## TASK OBJECTIVE
In the records below, find the line containing "Hawaiian Whales Polynesian" and the line containing "925 Sterling Silver". Give again exactly those lines and every line between them, omitting the pictures.

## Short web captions
===

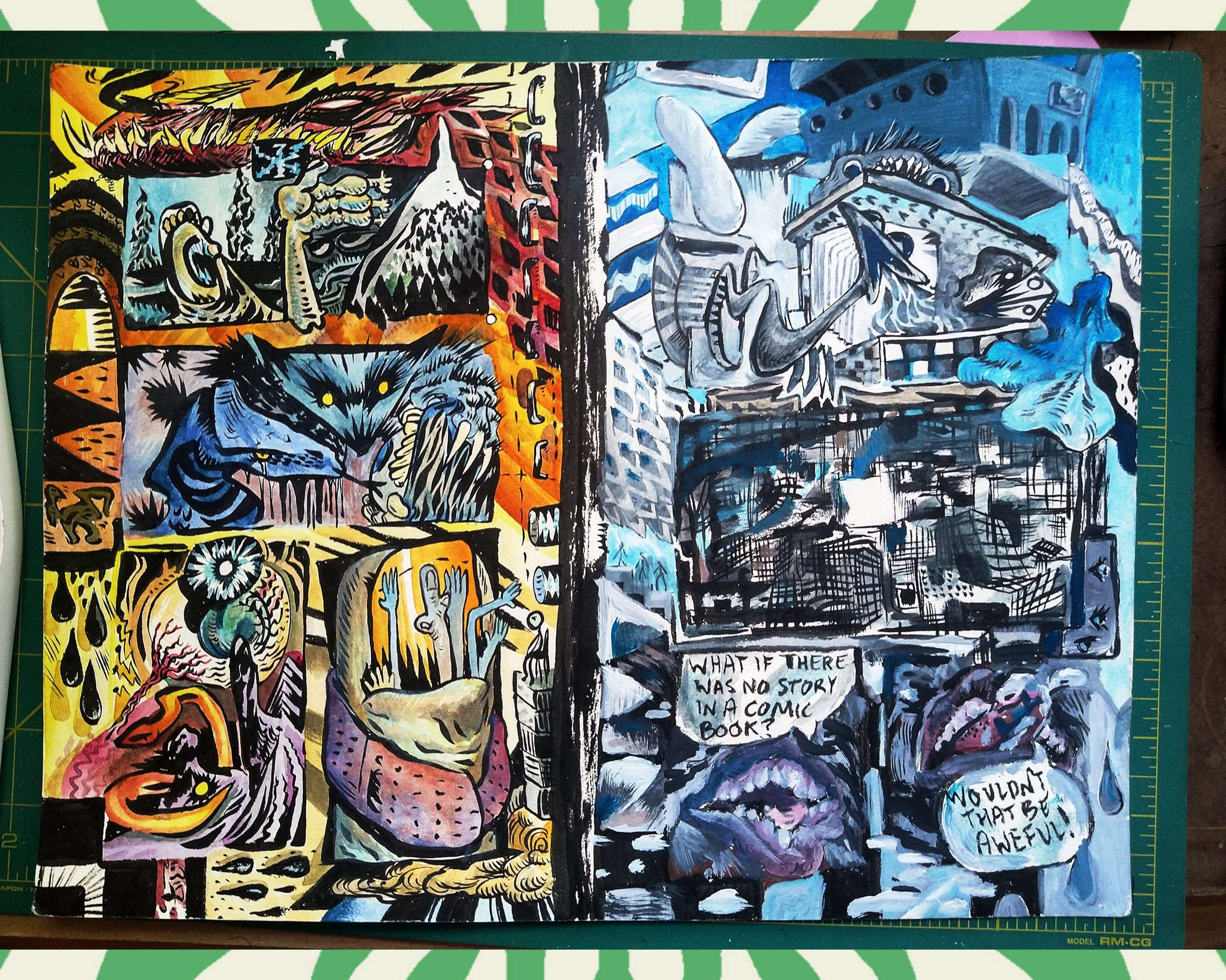 Limited Print of Warm cool mental landscape in graphic novel format (2022)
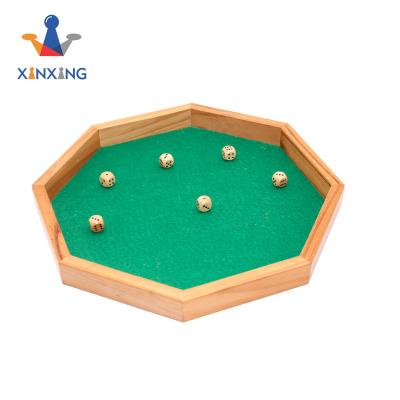 China Trendy Felt Striped Wood Die Cut Trays Octagon Professional Wooden Die Set Rolling Tray With 5 Wood Die Cuts for sale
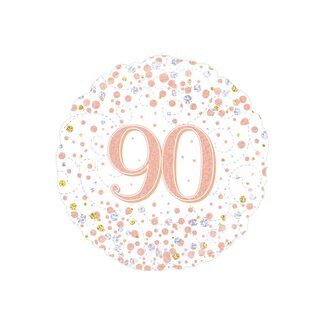 PartyXplosion Folieballon - 90th Sparkling Fizz Birthday White & Rose Gold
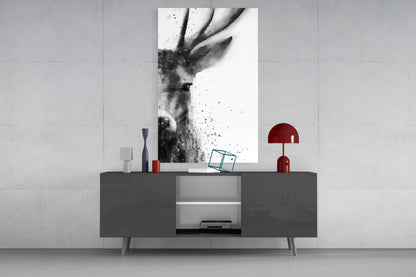 Watercolor Ink Deer Splatter Glass Wall Art
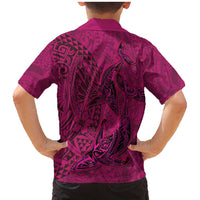 Hawaiian Whales Polynesian Art Motifs Family Matching Mermaid Dress and Hawaiian Shirt Pink Color LT03 - Polynesian Pride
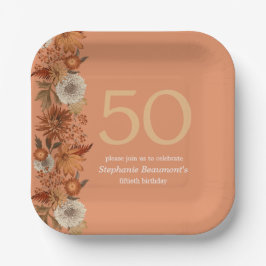 Plato De Papel Sorpresa de la flor de otoño de una mujer: 50 años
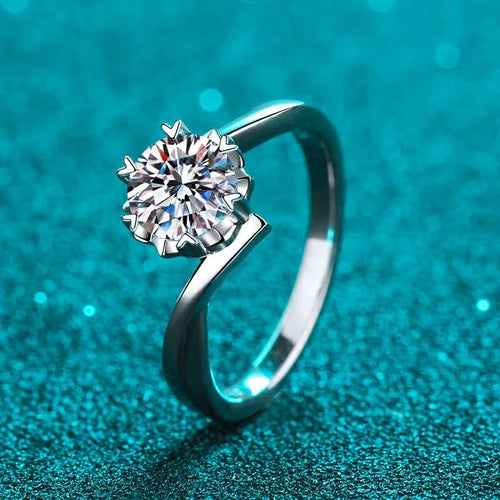 925 Sterling Silver Ring with 1 Carat Moissanite | Brighter Than a Diamond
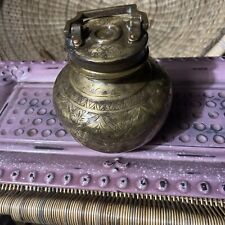 Brass Water Jar With Lid Handle Engraved Antique  9” Heavy picture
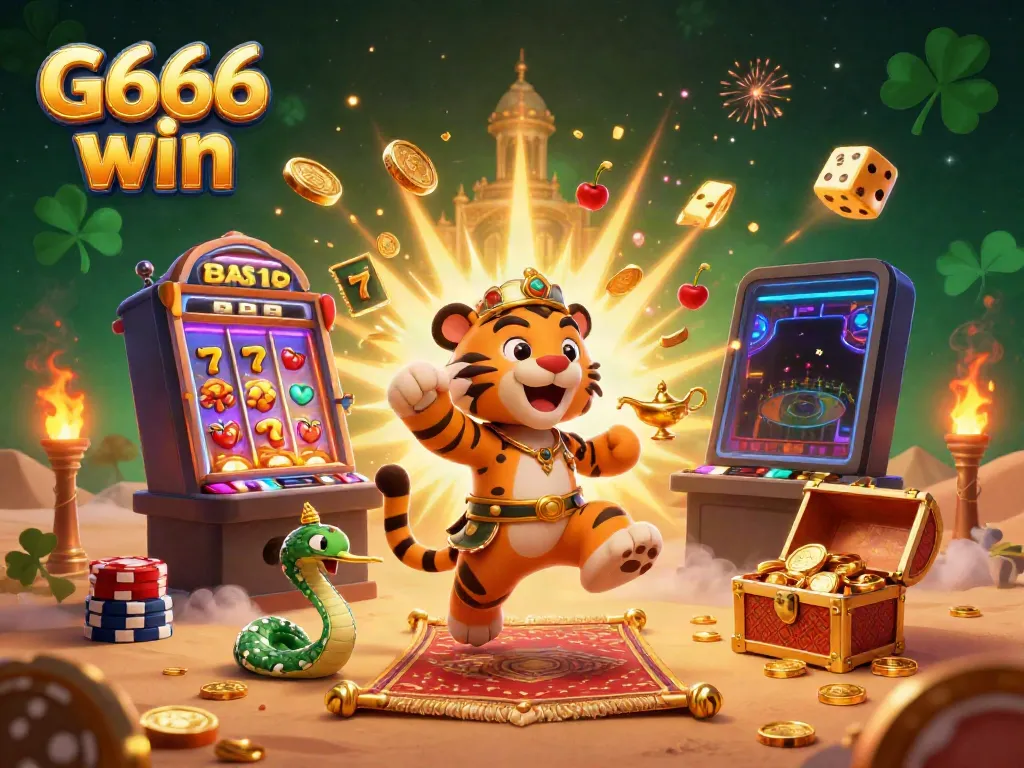 Experience the excitement of G666 win with a vibrant scene featuring a tiger sultan and jackpot delights.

===

## RESULT FOR THIS TASK
 Hawaiian Whales Polynesian Art Motifs Family Matching Mermaid Dress and Hawaiian Shirt Pink Color LT03 - Polynesian Pride
 Plato De Papel Sorpresa de la flor de otoño de una mujer: 50 años
 925 Sterling Silver Ring with 1 Carat Moissanite | Brighter Than a Diamond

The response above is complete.